C++ Logo

sg16

Advanced search

Re: Undated reference to Unicode Standard and UAX #29

From: Mark de Wever <koraq_at_[hidden]>
Date: Fri, 5 Jan 2024 17:47:34 +0100
On Fri, Jan 05, 2024 at 04:26:49PM +0000, Jonathan Wakely via SG16 wrote:
> Since the adoption of P2736 C++23 and the current C++ working draft just
> refer to "the Unicode Standard", with a URL referring to the latest
> version. We removed the bibliography entry for TR29 revision 35. P2736
> gives the justification for this that the revision of #29 included in
> Unicode 15 (revision 41) is just a bug fix, so there's no problem referring
> to that instead.
>
> That might have been true last year, but the current Unicode Standard
> (15.1.0) includes revision 43 of UAX #29, which makes significant changes
> to the extended grapheme cluster breaking rules. A new state machine is
> needed (and new lookup tables of properties) to implement rule GB9c. That's
> not just a bug fix, is it?
>
> Are C++ implementations expected to implement rule GB9c, despite it not
> being part of the standard when C++23 was published?

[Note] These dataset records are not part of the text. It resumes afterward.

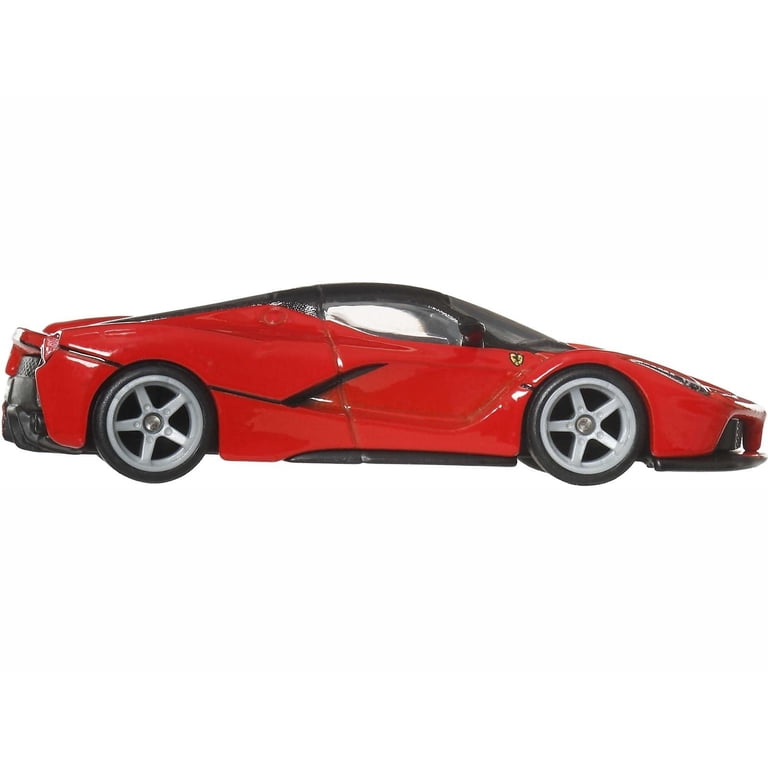 Hot Wheels, Diecast Model Car, Ferrari LaFerrari Red with Black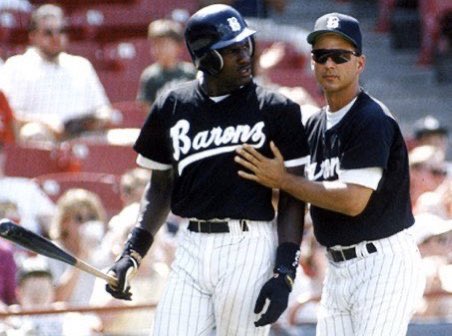 Terry Francona contó anécdota de su partido con Michael Jordan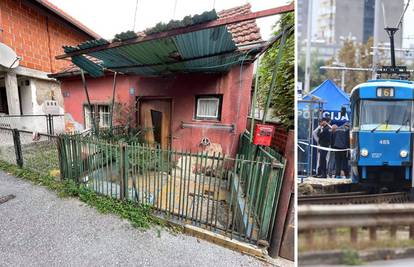Ovo je kuća u kojoj je prijavljen ubijeni čovjek iz tramvaja. Nitko se ne sjeća da je tamo živio...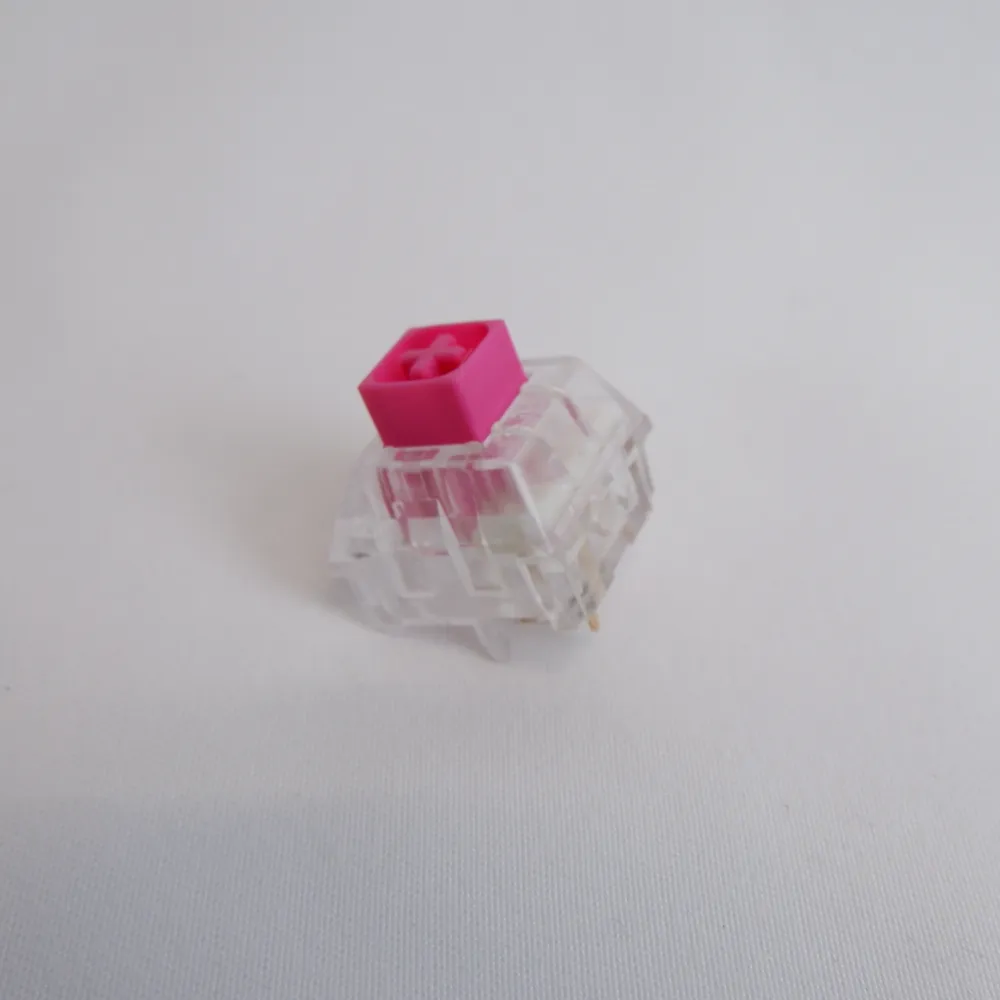 Kailh BOX Crystal Pink Clicky Switch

AFAIK this was indeed intended. The Unicode Standard moves at a faster
pace than the C++ Standard. This allows C++ to always use the latest
Unicode features and backport them to older language versions.

Recently I wanted to update libc++ to Unicode 15.1.0 and noticed the
same changes you did. I put this on hold since I need to investigate the
required ABI tags. Otherwise I would have implemented these changes for
libc++18.

Cheers,
Mark

Received on 2024-01-05 16:47:39